Tyvak, the Made-in-Italy cubesat and the legacy of Hera
The Ramses probe will not be alone. It will carry two cubesats, one of which is Made in Italy. It will be built by the Turin-based Tyvak International, another excellence in the field, with which Esa signed a second contract worth €8.2 million for the production of the small satellite Farinella, in honor of the Italian planetary scientist Paolo Farinella. This agreement follows an earlier contract worth €4.7 million for preparatory work.
This is not a coincidence. The complexity and specificity of the mission require solid experience and know-how. The companies involved are proof of this. Tyvak also built the Milani cubesat for ESA’s first planetary defense mission, Hera, launched in 2023 and now on its way to the binary asteroid system Didymos, where it is expected to arrive by the end of this year.
OHB System was the prime contractor for Hera, with a fundamental role played by OHB Italia. The company that will build the second cubesat is the Spanish company Emxys, which also produced the Juventas cubesat for Hera. In both missions, the Iberian cubesats will attempt not only remote observation but also a landing on the surface.
With the necessary differences, this recalls another celebrated European mission, carried out by the Giotto probe in 1986 toward Halley’s Comet. Giotto was exceptional for several reasons. It was ESA’s first deep space mission. Exactly 40 years ago it encountered what remains the most famous comet, painted by Giotto in the Nativity. It took advantage of a rare opportunity that occurs once every 76 years, photographed a comet nucleus for the first time from only 1,300 kilometers away, and then passed within 600 kilometers of its surface.

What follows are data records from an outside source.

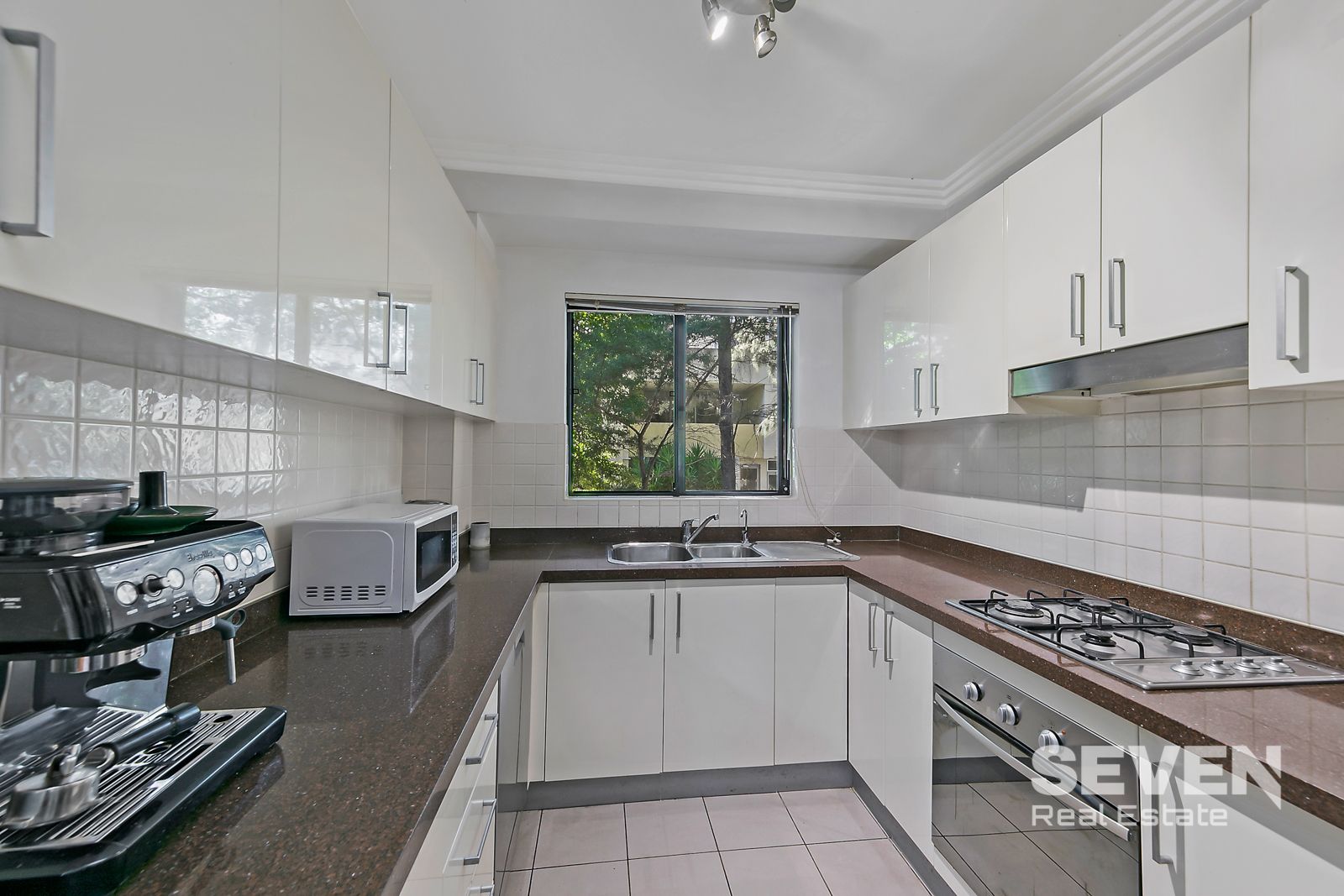 16/7-15 Purser Avenue, Castle Hill NSW 2154, Image 2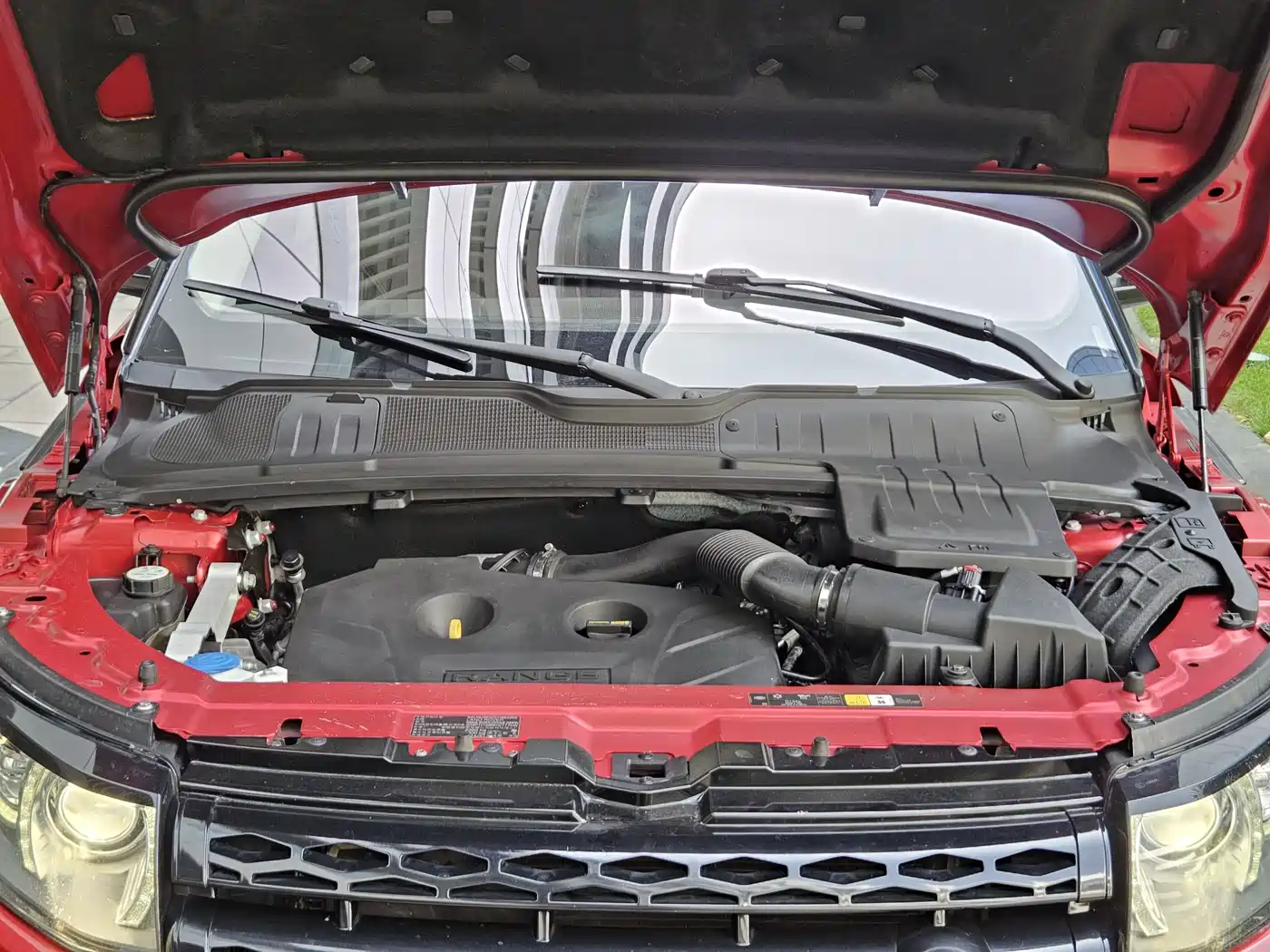 Land Rover Range Rover Evoque (Import) 2014 2.0T 5-door Brilliance Sport фото 10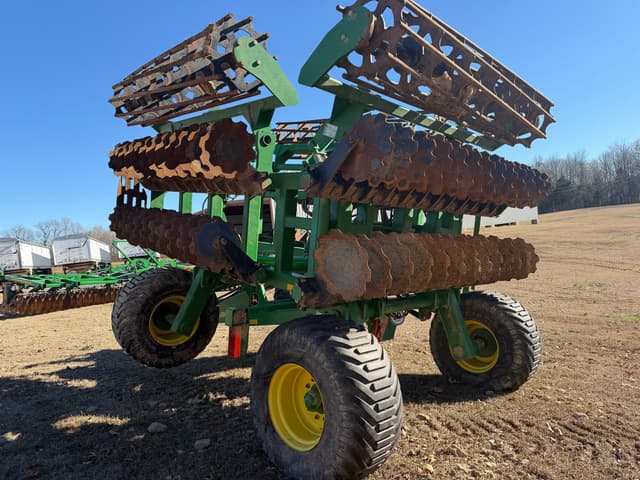 Image of John Deere 2680H equipment image 2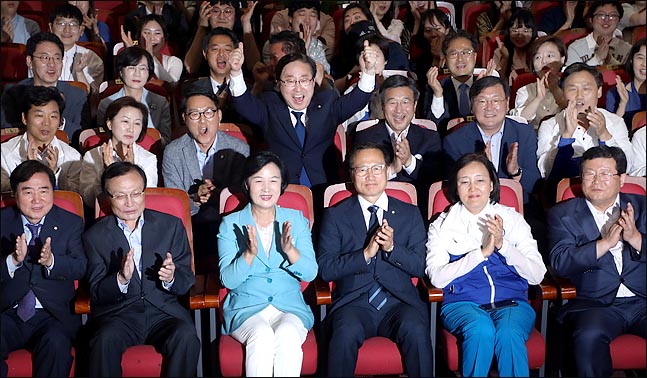 추미애 더불어민주당 대표와 홍영표 원내대표를 비롯한 당 지도부가 13일 오후 국회 의원회관에 마련된 제7회 6·13 전국동시지방선거 개표상황실에서 방송사 출구조사 결과를 지켜보며 박수를 치고 있다. ⓒ데일리안 박항구 기자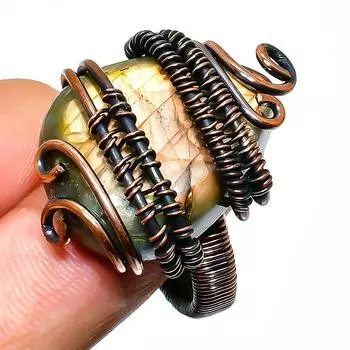 Ювелирное кольцо ручной работы из медной проволоки с лабрадоритом, размер 9,5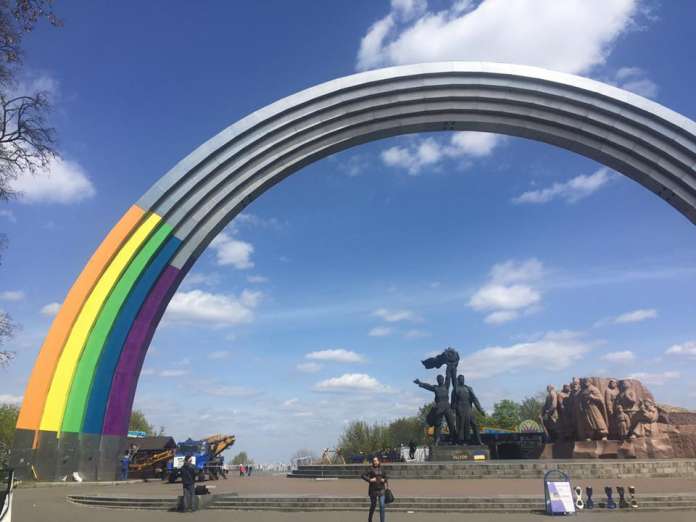 Арку Дружби народів у Києві дофарбують фрагментами орнаменту Арку Дружби народів у Києві дофарбують фрагментами орнаменту
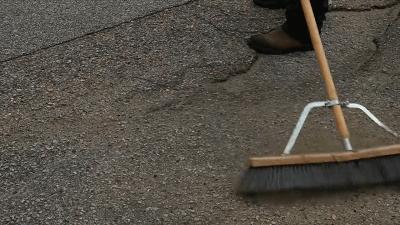 国外打造快速修路神器,国外新发明的路面神器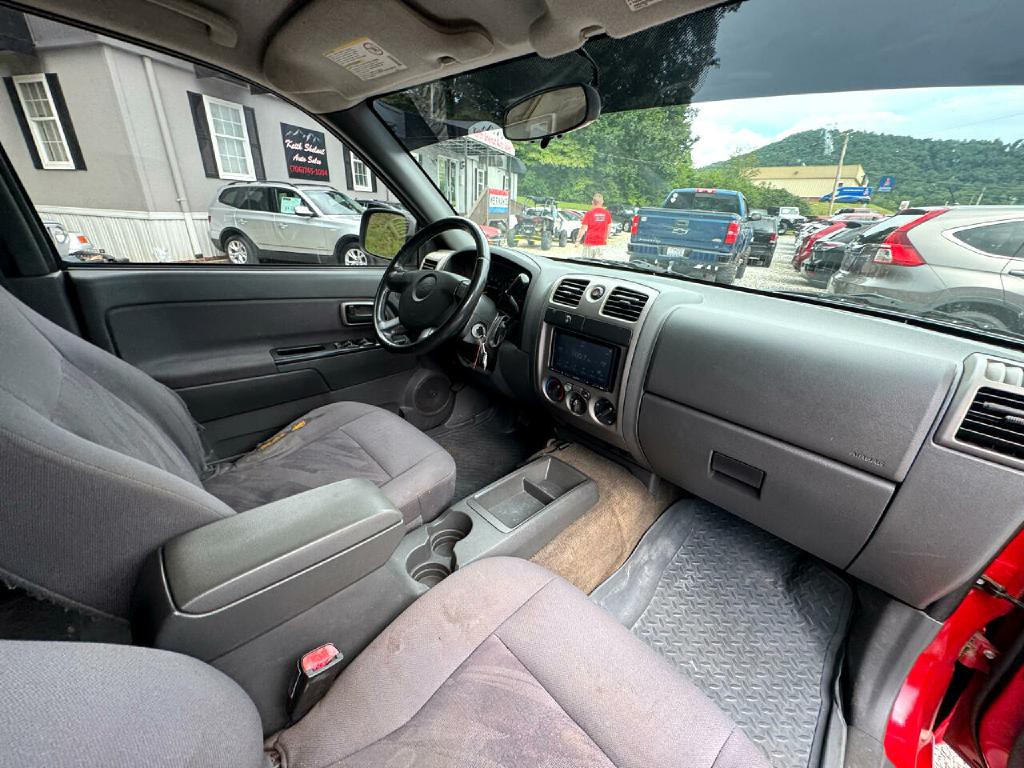 2004 Chevrolet Colorado Image 11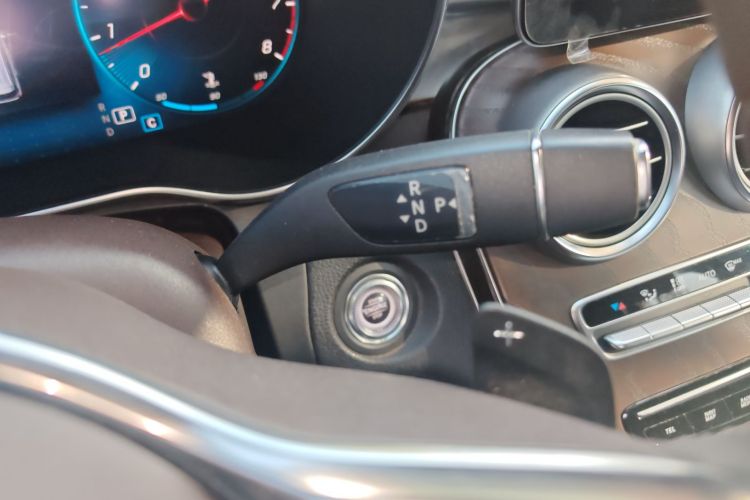 奔驰GLC 2020款 GLC 260 L 4MATIC 豪华型中控内饰18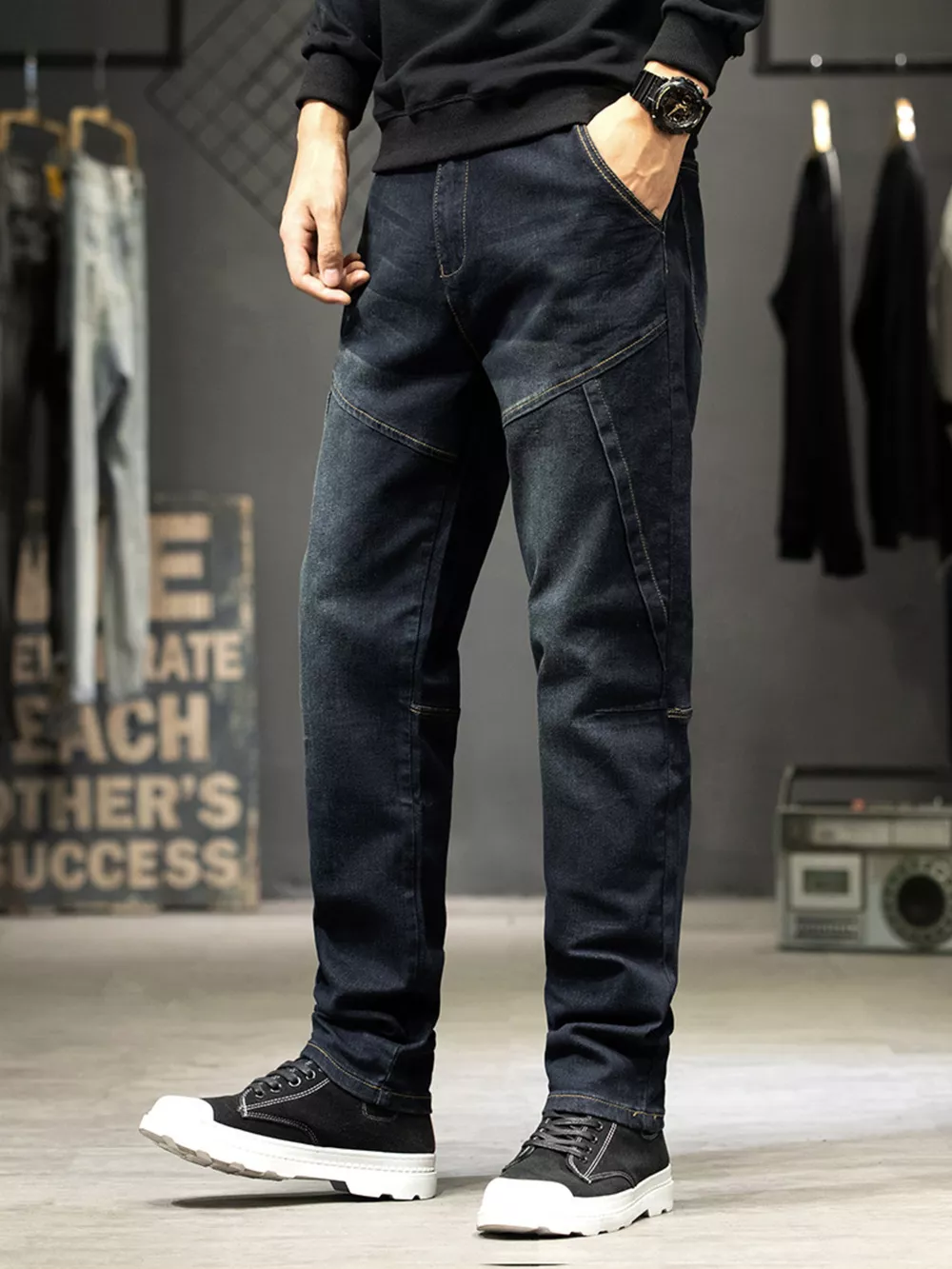 Men's Slim-Fit Paneled Washed Jeans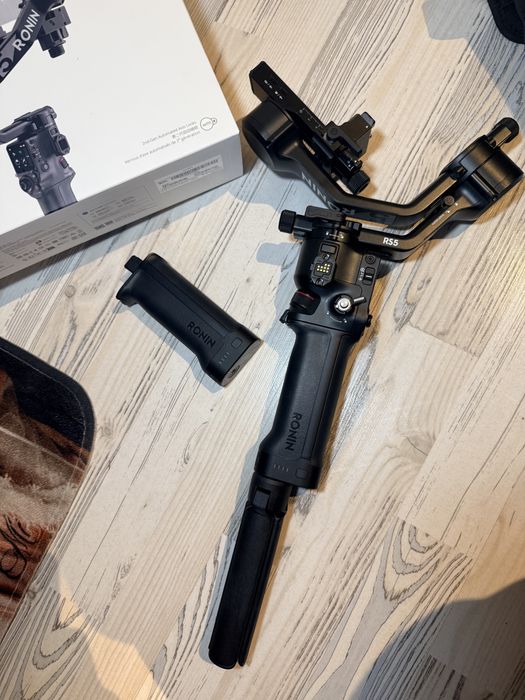 Vând DJI RS5 - Ca nou - 2 Baterii DJi - Garanție 2 ani DronShop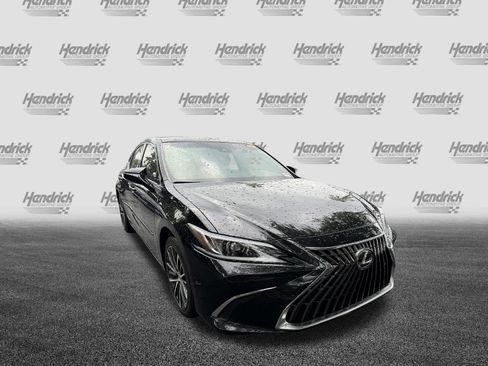 Used 2022 Lexus ES 350 w/ Premium Package FWD image 2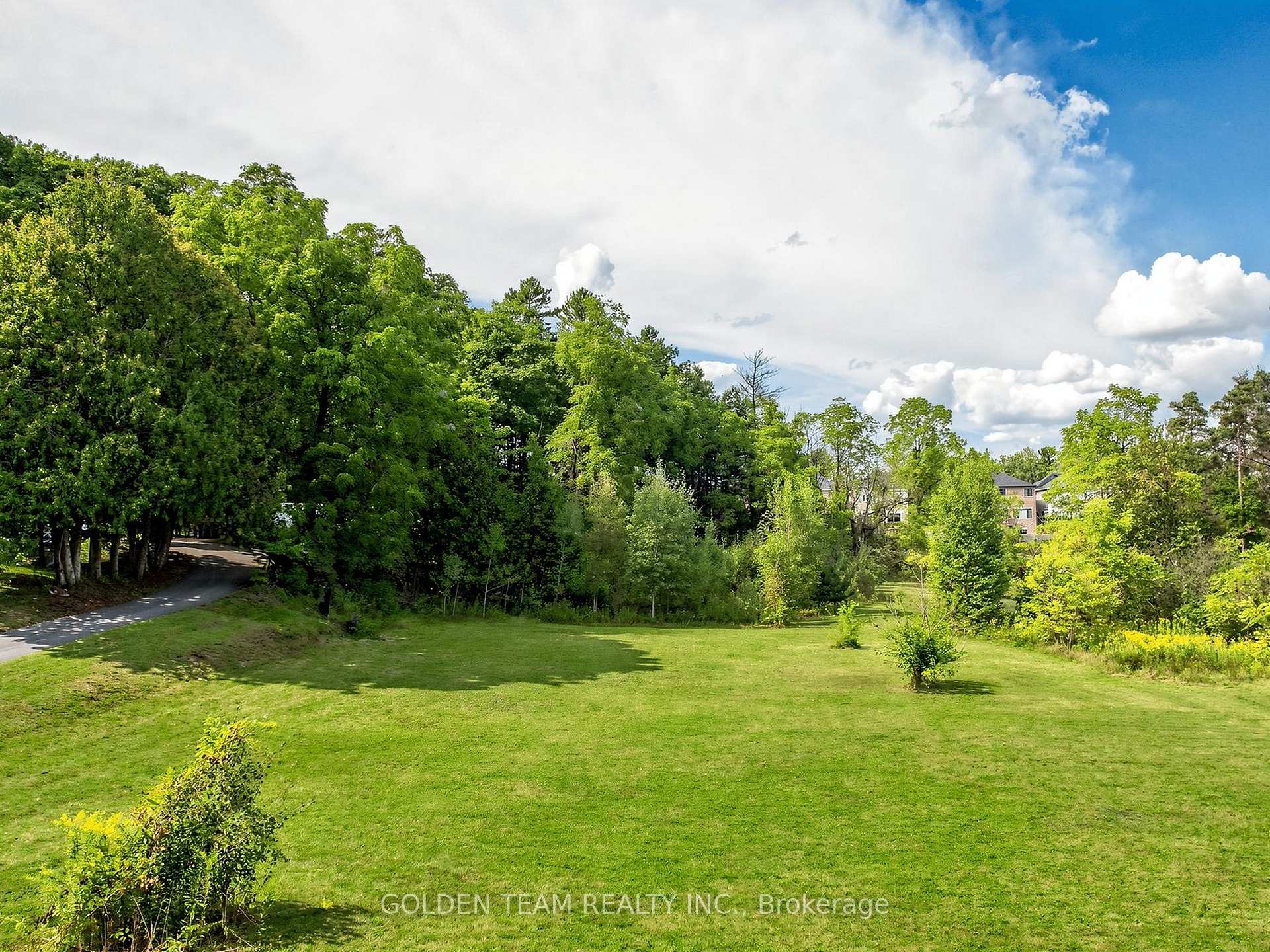 Photo 38 of 242 Ridge Road, Aurora, Aurora Estates — HOMEH
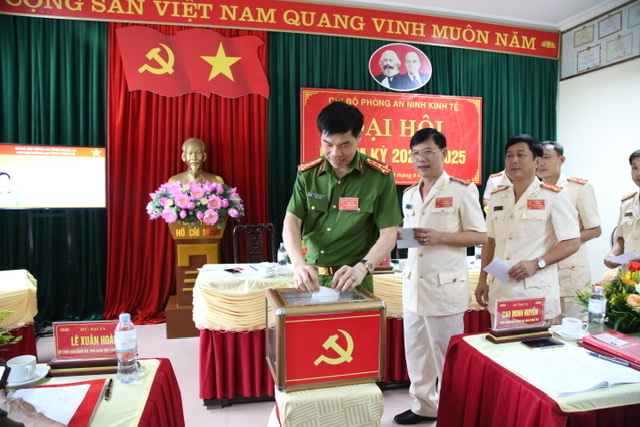 Đại tá Cao Minh Huyền, Phó Giám đốc Công an tỉnh và Đoàn Chủ tịch bỏ phiếu tại Đại hội.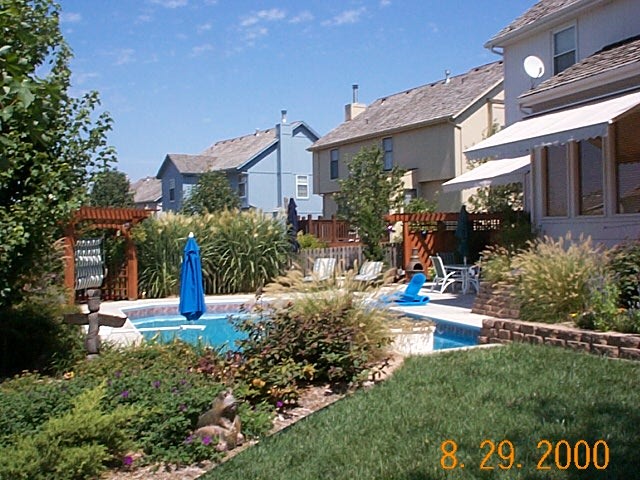 Overland Park Pool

The Apophis encounter will also be significant. Firstly, it will be a close approach to a sizeable object, an event that Esa estimates may occur only once every 7,000 years. Discovered in 2004, Apophis held scientists in suspense for several weeks because trajectory calculations showed a 2.7 percent probability that it could hit Earth during the 2029 close approach. Although this probability seemed small, the potential catastrophic consequences made the concern legitimate. Subsequent observations confirmed that Apophis will not hit us, passing at 32,000 kilometers from Earth, closer than geostationary satellites and less than one tenth the distance to the Moon.
An asteroid in the keyhole
At approximately 400 meters in diameter, Apophis would not have a devastating effect like the asteroid that caused the extinction of the dinosaurs, which was at least ten kilometers wide. However, if it struck a city or densely populated region, it would cause significant damage and casualties. According to research institutes and space agencies, asteroids of Apophis’s size are among those most likely to pose a threat because they are small, dim, and hard to detect with telescopes.
This is especially true for asteroids that travel, entirely or partially, within Earth’s orbit, where the Sun can obscure observation from the ground. Studying Apophis up close is therefore a scientific imperative, allowing better understanding of similar objects and helping develop defense systems and procedures.
Another factor to consider is the gravitational effect. During its close approach, Earth’s gravity could alter Apophis’s trajectory, which may affect predictions of future impacts. If Apophis were to pass through a precise and narrow region of space near Earth, known as the gravitational keyhole, the effect could theoretically result in an impact in 2068, improbable but not impossible according to Esa.
This is another reason why Ramses is one of the most important upcoming missions.